The Select Committee's work was crowdeed by events in 1971 and 1972. Sharp Senate and House debates over the emergency school aid program, and numerous attempts to resolve busing issues in the course of handling major education legislation, put many members of the Select Committee in the role of shapers as well as students of policy on equal educational opportunity.

Indeed, many features of the proposals before the subcommittee received their initial formulation during that turbulent period.

In minority views on the Select Committee's Report, I was joined by the senior Senator from Colorado, Mr. Dominick, and the senior Senator from Kentucky, Mr. Cook. Several points which we expressed at the end of 1972, after 2 years of labor on this vexing subject, seem especially pertinent as the subcommittee searches for criteria to guide the district courts in shaping desegregation remedies:

Experience since the 1954 Brown decision has taught us that desegregated schools are not by themselves a sufficient precondition for quality education.

It is becoming increasingly clear that the integration of low-achieving black or other minority children with low-achieving whites does not necessarily result in quality education.

It is generally accepted that incentives to truly integrated education of high quality must be provided by the Federal Government, and that standards for truly integrated schools must be applied impartially in all regions of the country. The emergency school aid program (title VII of Public Law 92-318) helps to serve these purposes and can provide valuable guidance to the Nation in resolving the complex and divisive issues which obstruct bringing us together.

Congress will have to weigh the major education decisions handed down by the Supreme Court in 1973 in shaping a strategy and legislation for stable quality integrated education. Should the need remain, in light of these decisions, we favor acceptable legislation seeking the kinds of purposes advanced during 1972 in the administration's proposed Equal Educational Opportunities Act.

Those in the Congress seeking to improve elementary and secondary education in the United States must find ways for the Federal Government to assist financially pressed school districts so that adequate resources will be available and can be effectively used to meet the special educational needs of the poor, the disadvantaged, and the handicapped. It is these approaches which will ultimately result in quality education for all children. Such measures as the involuntary transportation of children to schools many miles from their homes will hamper rather than help progress toward these goals.

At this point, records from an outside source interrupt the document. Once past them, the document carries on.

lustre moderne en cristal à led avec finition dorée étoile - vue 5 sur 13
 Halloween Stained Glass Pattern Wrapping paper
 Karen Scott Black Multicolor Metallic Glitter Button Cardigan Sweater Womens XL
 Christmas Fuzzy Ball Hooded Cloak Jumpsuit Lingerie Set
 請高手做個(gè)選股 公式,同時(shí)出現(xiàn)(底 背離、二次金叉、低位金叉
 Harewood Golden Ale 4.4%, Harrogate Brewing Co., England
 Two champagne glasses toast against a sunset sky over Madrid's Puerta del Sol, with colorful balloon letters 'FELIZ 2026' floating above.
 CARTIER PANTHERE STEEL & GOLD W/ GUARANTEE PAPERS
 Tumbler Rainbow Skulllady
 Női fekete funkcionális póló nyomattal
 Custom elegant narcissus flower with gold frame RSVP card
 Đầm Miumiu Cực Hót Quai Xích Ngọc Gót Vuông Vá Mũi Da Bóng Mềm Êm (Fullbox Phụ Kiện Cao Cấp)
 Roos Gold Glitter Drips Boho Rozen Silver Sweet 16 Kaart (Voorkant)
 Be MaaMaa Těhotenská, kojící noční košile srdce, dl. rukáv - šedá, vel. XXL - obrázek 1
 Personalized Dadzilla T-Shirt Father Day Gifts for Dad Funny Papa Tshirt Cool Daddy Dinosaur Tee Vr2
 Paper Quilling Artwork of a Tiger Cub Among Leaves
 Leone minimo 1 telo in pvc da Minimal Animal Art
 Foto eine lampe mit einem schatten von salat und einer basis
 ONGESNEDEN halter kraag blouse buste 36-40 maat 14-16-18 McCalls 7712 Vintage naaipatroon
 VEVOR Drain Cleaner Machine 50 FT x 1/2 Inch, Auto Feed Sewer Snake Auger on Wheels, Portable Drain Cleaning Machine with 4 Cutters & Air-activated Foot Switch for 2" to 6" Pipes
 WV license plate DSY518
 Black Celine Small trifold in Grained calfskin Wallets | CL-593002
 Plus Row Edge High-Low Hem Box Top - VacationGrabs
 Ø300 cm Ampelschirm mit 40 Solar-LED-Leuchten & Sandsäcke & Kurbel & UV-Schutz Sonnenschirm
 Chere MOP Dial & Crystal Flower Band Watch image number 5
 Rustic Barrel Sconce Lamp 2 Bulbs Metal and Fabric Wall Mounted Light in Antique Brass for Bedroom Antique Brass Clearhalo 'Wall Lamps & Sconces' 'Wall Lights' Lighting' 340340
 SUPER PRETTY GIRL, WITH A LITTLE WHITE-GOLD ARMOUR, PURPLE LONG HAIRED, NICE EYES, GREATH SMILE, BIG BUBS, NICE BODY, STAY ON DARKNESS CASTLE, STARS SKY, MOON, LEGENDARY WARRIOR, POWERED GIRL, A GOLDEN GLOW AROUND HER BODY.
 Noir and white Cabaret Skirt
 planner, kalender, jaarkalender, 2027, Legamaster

In summary, Mr. Chairman, we saw the need to proceed simultaneously on several fronts:

1. Incentives and aids to State and local school districts in the area of compensatory and remedial education. (This subject will receive considerable attention during 1974 in action on major elementary and secondary education legislation.)

2. Learning from our desegregation experiences, and

3. Shaping legislation which would, along with broad compensatory programs, address the need for legislative criteria to guide the fashioning of judicial remedies.

On the question of civil rights enforcement, and thus necessarily the question of judicial remedies, we made the following comments. I believe they suggest the spirit with which the subcommittee should approach the search for legislative criteria:

Any appraisal of the turbulent history of civil rights enforcement, since the 1954 Brown decision, will be affected by convictions concerning the proper and effective use of governmental enforcement to redress specific cases of legally defined discrimination—a use which we strongly uphold, and to moderate abhorrent prejudicial social values and attitudes.

In our judgment, the Nation now suffers in the area of school desegregation from tendencies to invoke governmental enforcement powers-well beyond the proper redressing of legally defined discrimination-for interventions in extremely complex conflicts of social values and attitudes. These conflicts, with deep roots in our national history, are reflected in our emerging pluralistic national culture, and, in the cultures carried to our shores by the many races and peoples who created this still-young Nation.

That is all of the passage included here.